Err. not really according to the rumors. That is more a 'telephone game' accounting of the situaution.
" ... The company's industrial design team cautioned that devices in the category were not yet ready for launch and wanted to delay until a lightweight AR glasses product had matured several years later. ..."
Apple CEO Tim Cook sided with operations chief Jeff Williams in pushing to launch a first-generation mixed-reality headset device this year, against...
www.macrumors.com
The AR/VR headset not being ready for launch is a goofy statement. That is true of every Apple product 4-6 months before the launch date. What really got overridden here is trying to extremely tightly couple the release of the AR/VR headset to the AR only 'glasses' project.

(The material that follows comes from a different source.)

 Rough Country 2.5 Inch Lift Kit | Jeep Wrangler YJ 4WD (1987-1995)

Those are designers looking for an excuse not to ship. There is no way to substantively different products should hobble on the launch of another when there is no inherent coupling between the necessary for use. What was likely really what was going on there is a fear that an actually shipping headset priorities would suck the life out of something that was much further out. Apple would need a more reasonably priced headset and that would squeeze out the 'glasses' project if there was a resource availability (people , money , time , specilized silicon, etc)..
... not surprising because ta-da ..... ( a couple of months earlier this rumor popped up)

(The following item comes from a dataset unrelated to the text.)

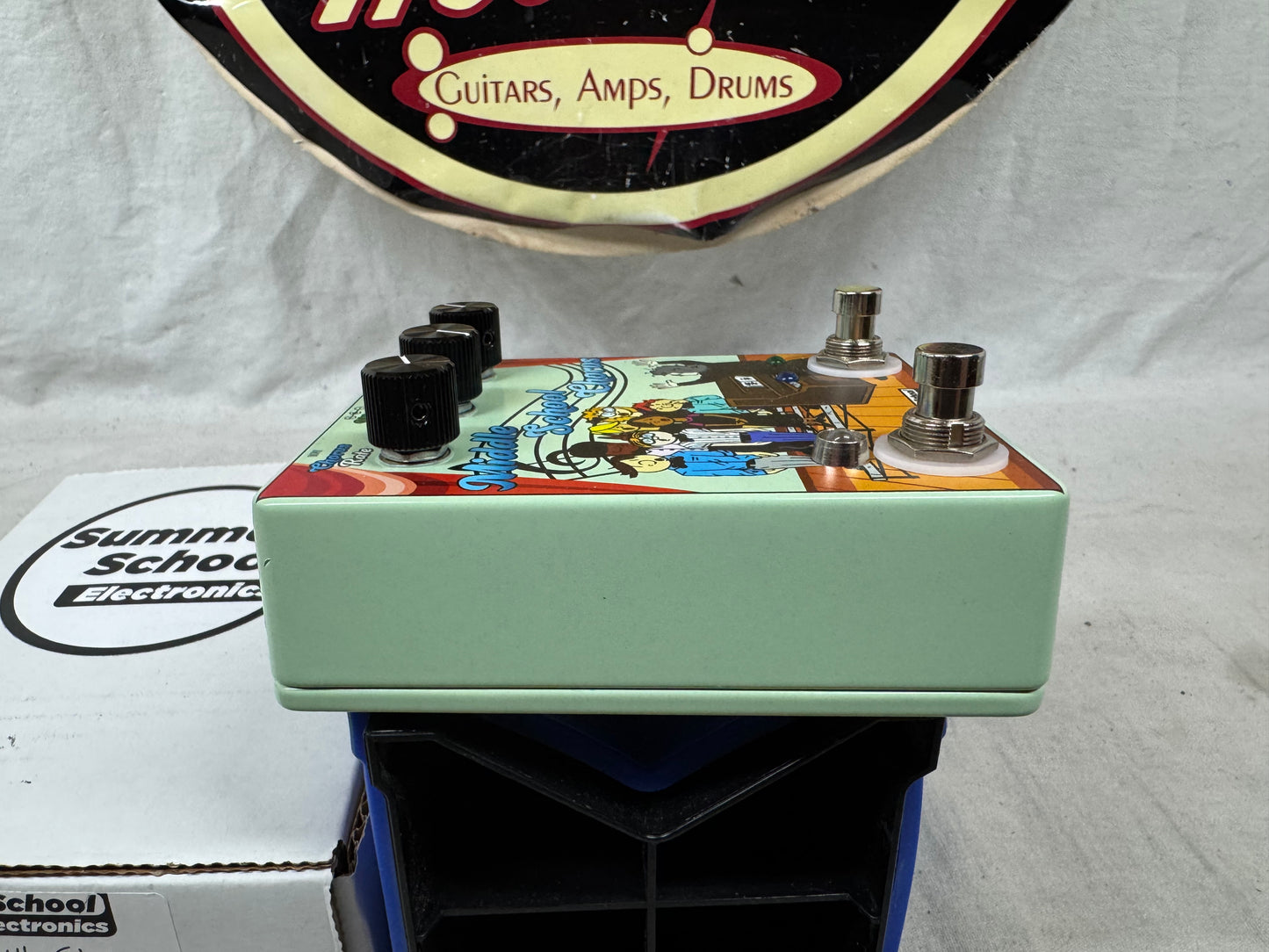 Summer School Electronics Middle School Chorus Vibrato Pedal with Box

Apple has paused development on the augmented reality Apple Glasses that it planned to introduce after its mixed reality headset, reports Bloomberg....
www.macrumors.com
There probably are some industrial designers at Apple would would like some 2-3 year in the future Apple silicon chips to allow them to paint the headset into a lightweighter/thinner corner rather than deal with what they have to work with now. Or work an a less elaborate design that doesn't have sky high manufacturing costs overhead. (so could be sold at a more affordable price).
Also once the AR/VR headset outlines some aspects of AR , then it will be even harder for an AR-only glasses to adjust those expectations later. Aspects of the interface are going to get grounded and harder to break free of.
Some folks assert that this is a Tim Cook problem, but Steve Jobs had a saying that "Great artists ship". This is one of those cases. They AR/VR/Glasses stuff has been 'cooking' in the super secret labs for about 6 years now. It is time to ship something. If only to get a feedback loop going from real end users to the dev teams. I think there was lots of debate internally about what users were going to want / not want etc about the problem and that just won't get really solved by hiding , buried in the basement at Apple HQ.
Apple can do a mostly AR ( not primarily focused VR) headset if they want , but it will be a fine line to walk.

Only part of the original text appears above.